As alluded earlier, the checkmate revelation of The Legend of Hell House—"Legs!"—is dumb with a capital duh and there's nothing to do about it, but I go with it every time because it has its emotional logic all lined up, which cannot be said of its body-horror Napoleon complex. It is cruel but consistent that Florence and Barrett should die in parallel with their intractable beliefs, the spiritualist under the crushing weight of a crucifix and the scientist when his ghost-dispelling machine literally blows up in his face, both of them forced to realize in the last moments of their lives that they were fatally, presumptuously wrong about the nature of the haunting of Hell House; that leaves Ann, who never cared about rationalism vs. the occult so long as they all made it out alive, and Fischer, finally able to synthesize the house's history with the discoveries made by his dead companions into the realization that the corpse behind the curtain is Emeric Belasco (Michael Gough), in life shamefully corporeal, in death a bodiless manipulator of others' meat suits, but only so long as his Bluebeard's chamber lay undisturbed.
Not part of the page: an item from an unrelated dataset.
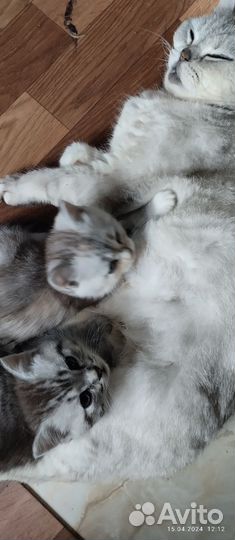 Британские котята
The mystery ends with the unmasking of the "Roaring Giant" as "a funny little dried-up bastard." I enjoy this writing of exorcism as a game of the psychic dozens: the house has thrown everything it can at Fischer to humiliate him, retraumatize him, even kill him, but this scared-stiff survivor can throw back the final your mom. I love that Fischer who never believed he could save anybody is the only character in the film who actually does, closing the gates of the now-cleansed Belasco House behind himself and Ann at the very last minute of the allotted week. And I like that when we get to see him exert his abilities as a physical medium at last, they are as impressive as his teenage reputation claimed. The prosthetic legs are just still . . . agh. Thank God for the total commitment of Roddy McDowall. If he thought anything he was shouting was silly, it doesn't show.

I have other reasons to like this movie. The pseudo-documentary assurance of the time-stamped subtitles which start the clock ticking on "Friday December 17th 4:08 PM" and roll credits at "Friday December 24th 4:59 PM," leaving the pre-title sequence as our only glimpse of the drained, wintry world beyond the Belasco estate, almost does more to disjoint the timeline than track it. Given the electromagnetic character of the film's ghosts, it only makes sense that their audible signature should be the work of radiophonic pioneers Brian Hodgson and Delia Derbyshire, a nervy, visceral soundscape of dry exhalations and atonal heartbeats, detuned white noise and murky tattoos that feels both uncannily of another world and uncomfortably of this one. The doubling of two millionaires obsessed with survival after death is low-key but clever; the practical effects keep the focus on human reactions, not ghostly jump scares. I never like instances of animal harm, but I comforted myself and my movie cats that the blood in the shower was very obviously fake and the black cat is seen unscathed and prowling at both ends of the film. The cast is tiny and argumentative, but no one is a strawman. I have mentioned before that this movie got into my novelette "The Boatman's Cure" via the suitably liminal roundabout of a dream; I mean it as a tribute when I say that it still seems to hold up while I'm awake. I want the world to be safe for 35 mm so that I can see it in a theater someday. For Christmas, maybe. Till then, cinema isn't less of a haunted medium just because its ghosts are flickering in pixels on a screen. This matter brought to you by my thoughtful backers at Patreon.
handful_ofdust: (Default)

[personal profile] handful_ofdust 2020-05-26 03:24 pm (UTC)(link)
Terminations and extremities aside, god DAMN but this absolutely encapsulates my own love for The Legend of Hell House, as you well know. Fischer has such potential-Renfield-who-said "Thanks, I will pass," (Cal's newest phrase) vibes, for me; he can sit with Florence because he knows what it is to be cored and inhabited, and the effort he must have expended not quite expelling Belasco but at least...re-affirming that his body is in fact HIS probably explains why he decided to turn himself off in the first place. I get that this sounds like my fetishes talking, but that sort of weary, sadly experienced strength is also a sub-genre of my kryptonite. Thank you for reminding me.
gwynnega: (Leslie Howard mswyrr)

[personal profile] gwynnega 2020-05-26 10:06 pm (UTC)(link)
Beautiful write-up, especially your descriptions of Roddy McDowall's portrayal of Fischer. I should probably read the novel? I vividly remember the first time I saw the film one weekend when I was in bed with the flu watching on the TV my mom had dragged into my room. I must've been eleven or twelve? I'm sure the film was edited and full of commercials. Mainly I remember that Roddy McDowall was yelling and I was feverish but contented.
strange_complex: (Figure on the sea shore)

[personal profile] strange_complex 2020-05-27 09:28 pm (UTC)(link)
I'm so glad you had the time and opportunity to give this the full write-up treatment I know you've always felt it deserved! I think it maybe takes a slightly flawed film to really show the value of a strong performance. Certainly, that's what I take from your comments about McDowall in the climax of this one.
spatch: (Default)

[personal profile] spatch 2020-05-29 03:08 am (UTC)(link)
I think a Roddy McDowall theme would be perfect for this month, or any other month.